There is not one exact formula for measuring consent, and according to Jim Hamilton, founder and president of the National Spent Fuel Collaborative, a non-profit aimed at helping the consent-based process work, you know it when you see it. Measuring what you see, though, still seems to be the question DOE needs to answer. “A fair question for the federal government to ask is: Has the state, counties, and local governments made binding commitments to support the construction of a facility?” Humble said.
Need to Start Locally, Build Up to State Level, Local Official Says
According to John Heaton, chairman of the Eddy-Lea Energy Alliance, those binding agreements must begin at the local stage, and then build up to the state. “If you are looking for a measurement, then you have to work through the process,” Heaton said. “You need to get consent from the communities, whether it’s resolutions from city councils or county commissions that speak for the public. They’re the one who put their necks on the line in the next election if you will. Then you have to work up through the legislature and the governor, and I think the real measurement there is either a piece of legislation passed by the legislature and subsequent signing from the governor, or the governor, themselves, getting into a contract with DOE.”

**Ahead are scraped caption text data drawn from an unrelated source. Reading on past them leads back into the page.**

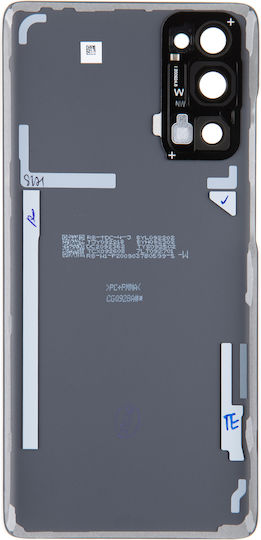 Samsung Καπάκι Μπαταρίας Λευκό για Galaxy S20 FE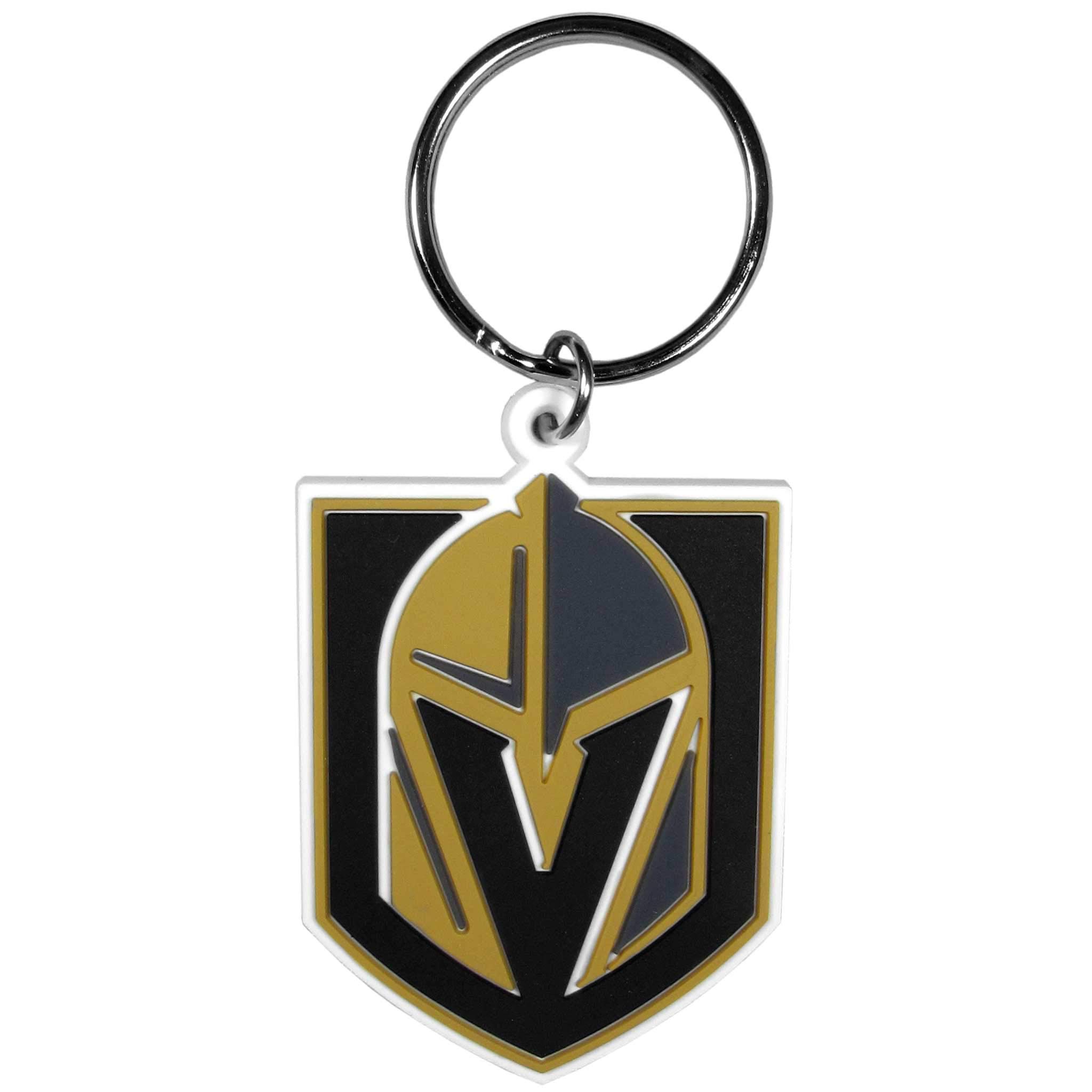 Siskiyou SportsNHL Siskiyou Sports Fan Shop Vegas Golden Knights® Flex Key Chain One Size Team Color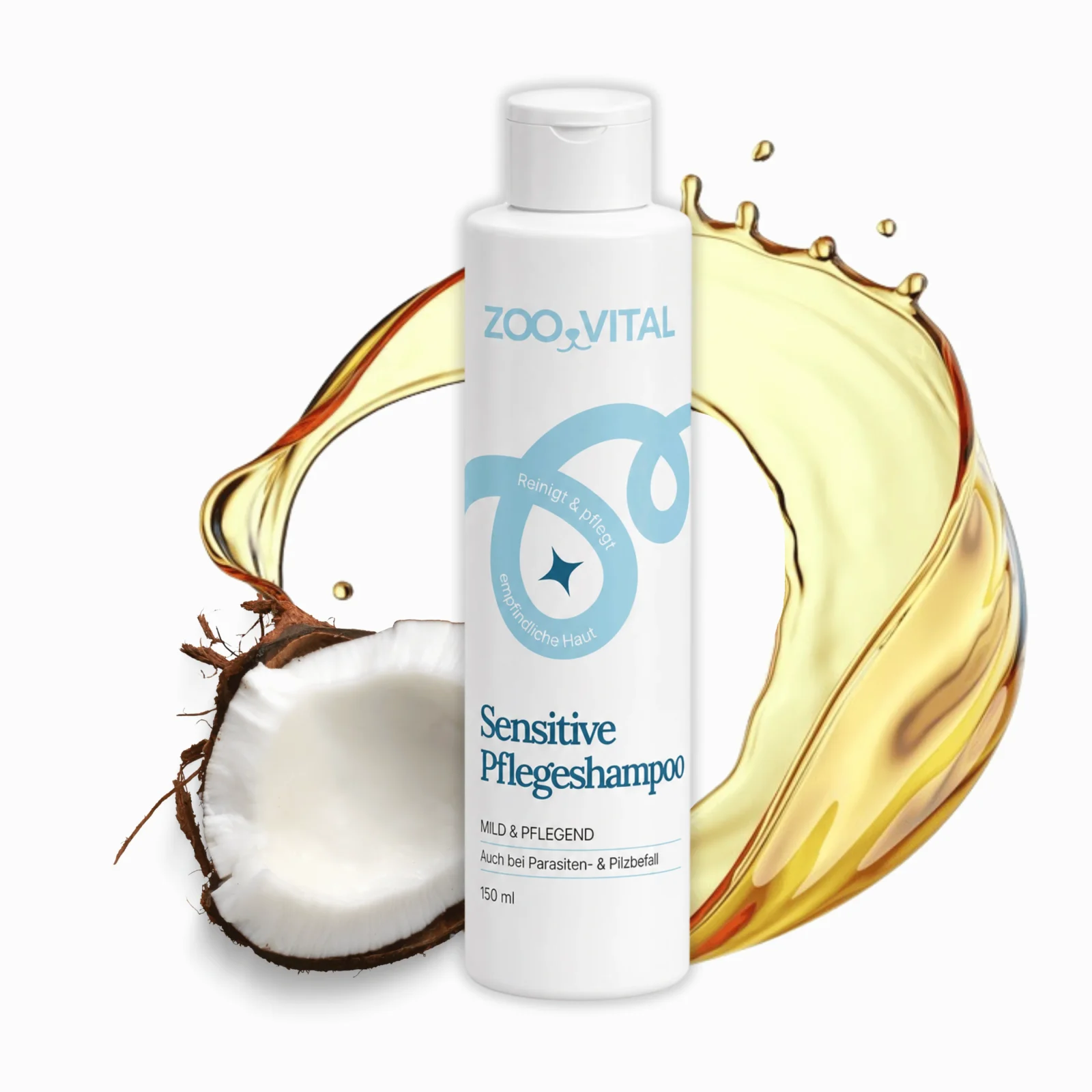 zooVital Sensitive Pflegeshampoo - Image 2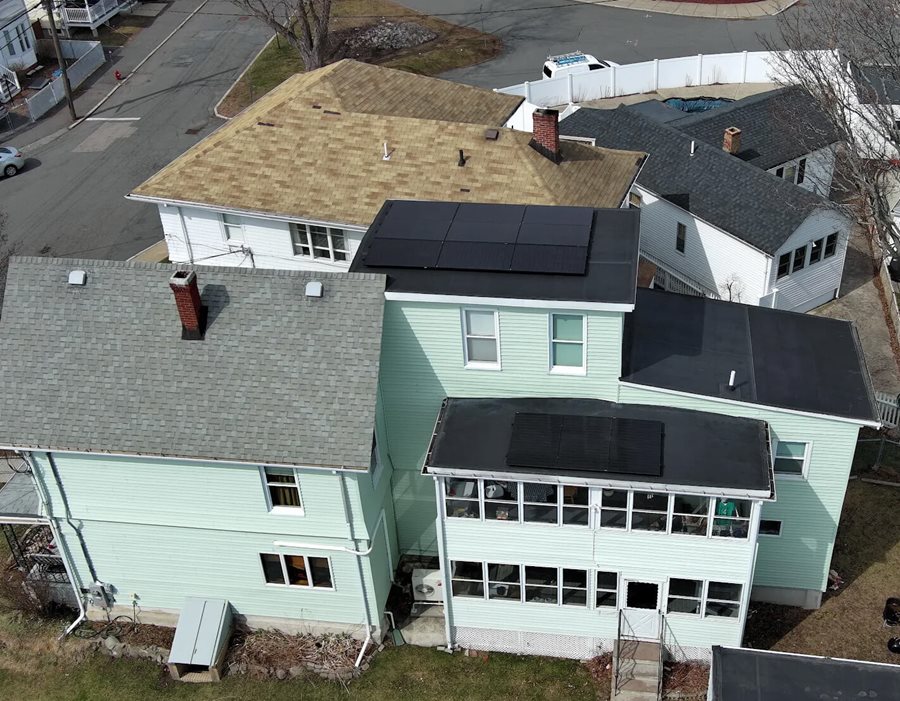Solar Installation in Revere, MA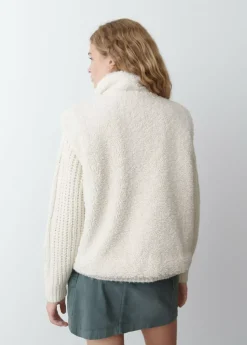 Brownie Spain Chaleco Polar Con Cremallera-Mujer Abrigos Y Chaquetas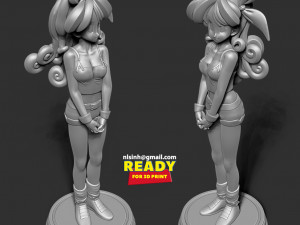launch dragon ball Modello di stampa 3D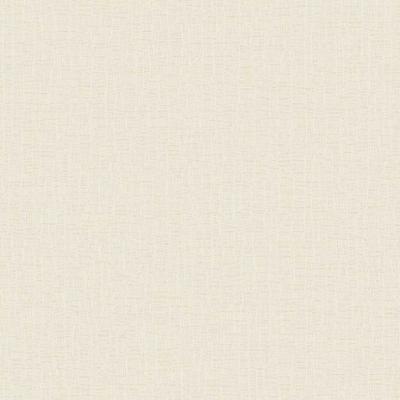 Papier peint vinyle expansé sur intissé Uni Merlino beige A76402, texture subtile, rouleau 10.05 x 0.53 m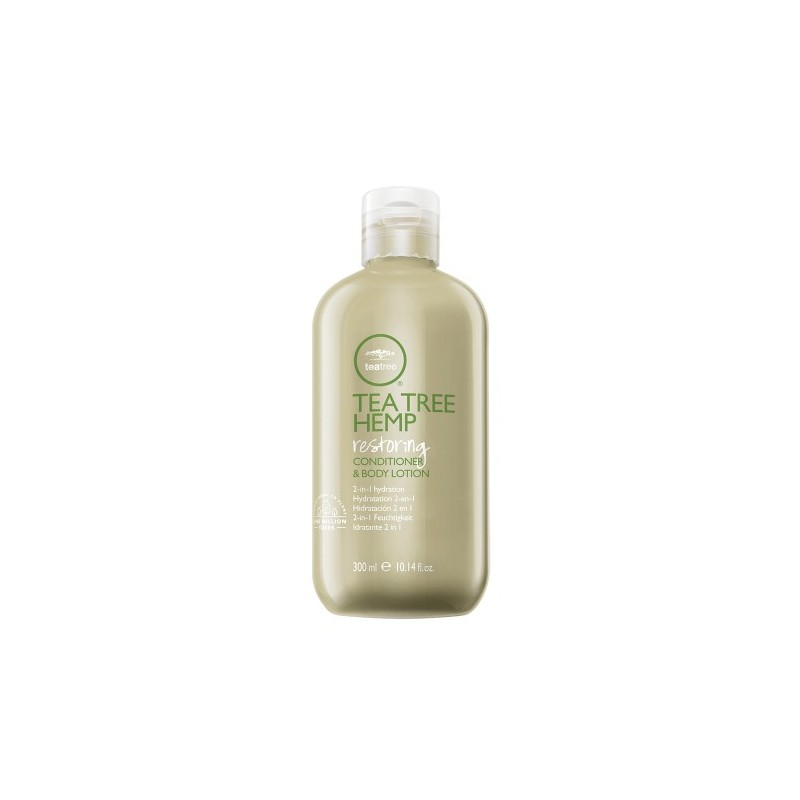 PAUL MITCHELL - Tea Tree Hemp Restoration Conditioner&Body Lotion (300ml) Rebalancing balm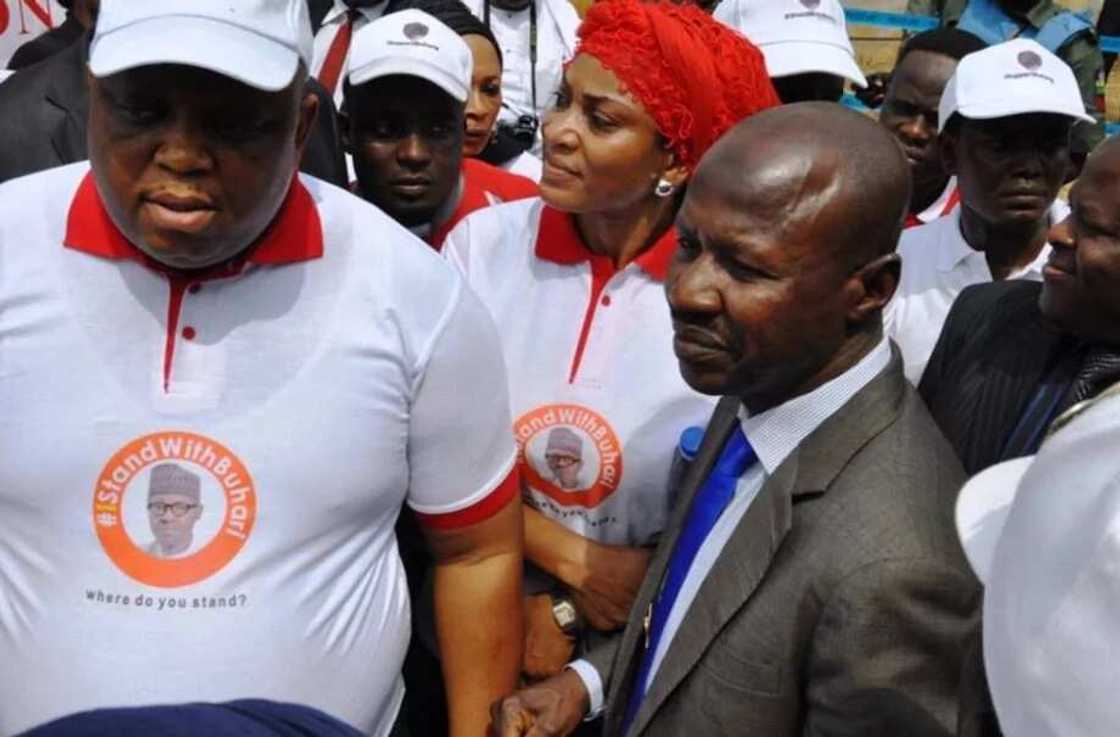 BREAKING: Presidency denies sack of Magu as EFCC boss BREAKING: Presidency denies sack of Magu as EFCC boss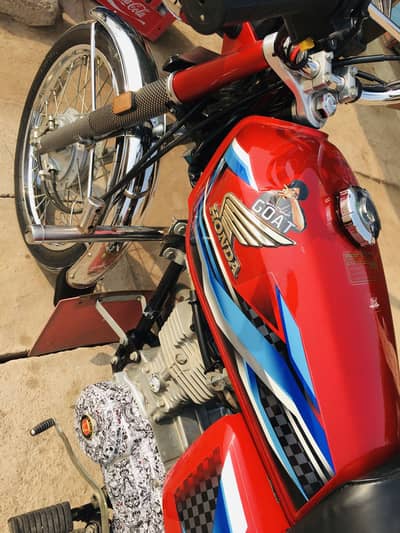 Honda CG 125  2024 all ok total genuine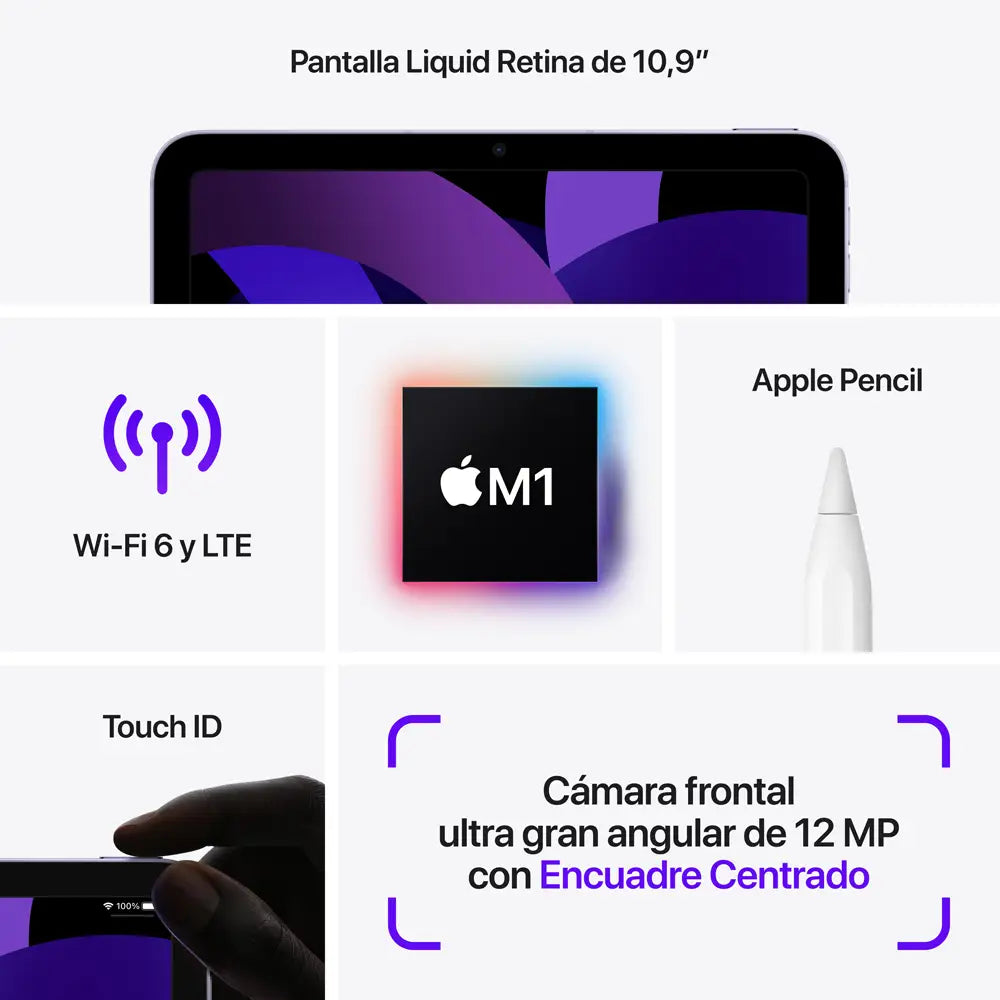 iPad Air 5 semi nuevo
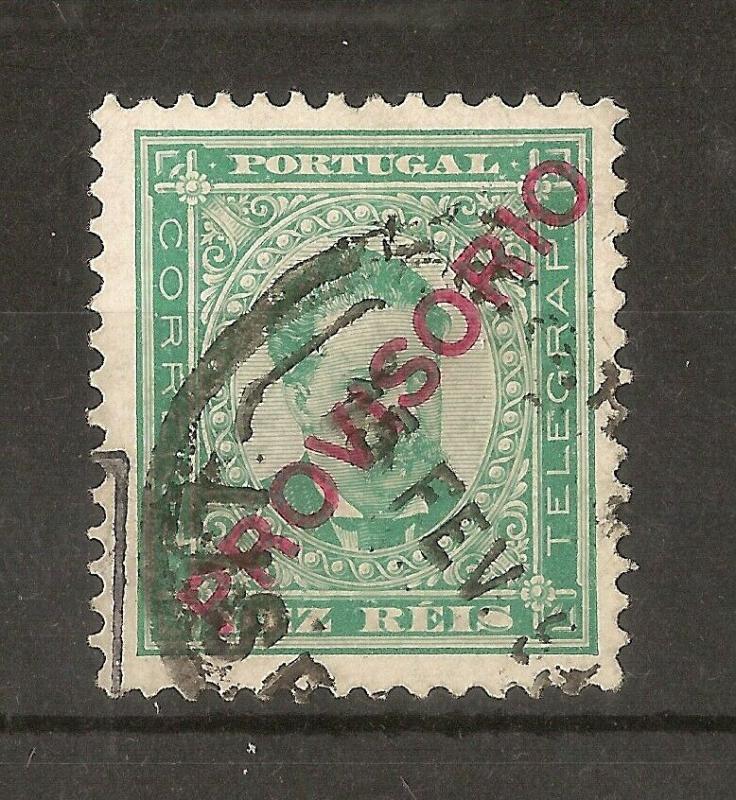 Portugal 1892 10R Provisorio SG285 Fine Used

While difficulties still remain, supporters of Yucca Mountain have been trying to use the bottom up approach to resurrect the shuttered project. A resolution passed by Nye County and nine other surrounding counties has endorsed the idea of hosting the geologic repository, despite the state of Nevada’s staunch stance against the project. According to Darrel Lacy, the director of Nye County’s Nuclear Waste Repository Project Office, the spread of the resolution seems to have soften the oppositions stance on Yucca Mountain. “By getting the additional counties to put in on this, it seems to have received some softening of the opposition form the political forces in the state,” Lacy said.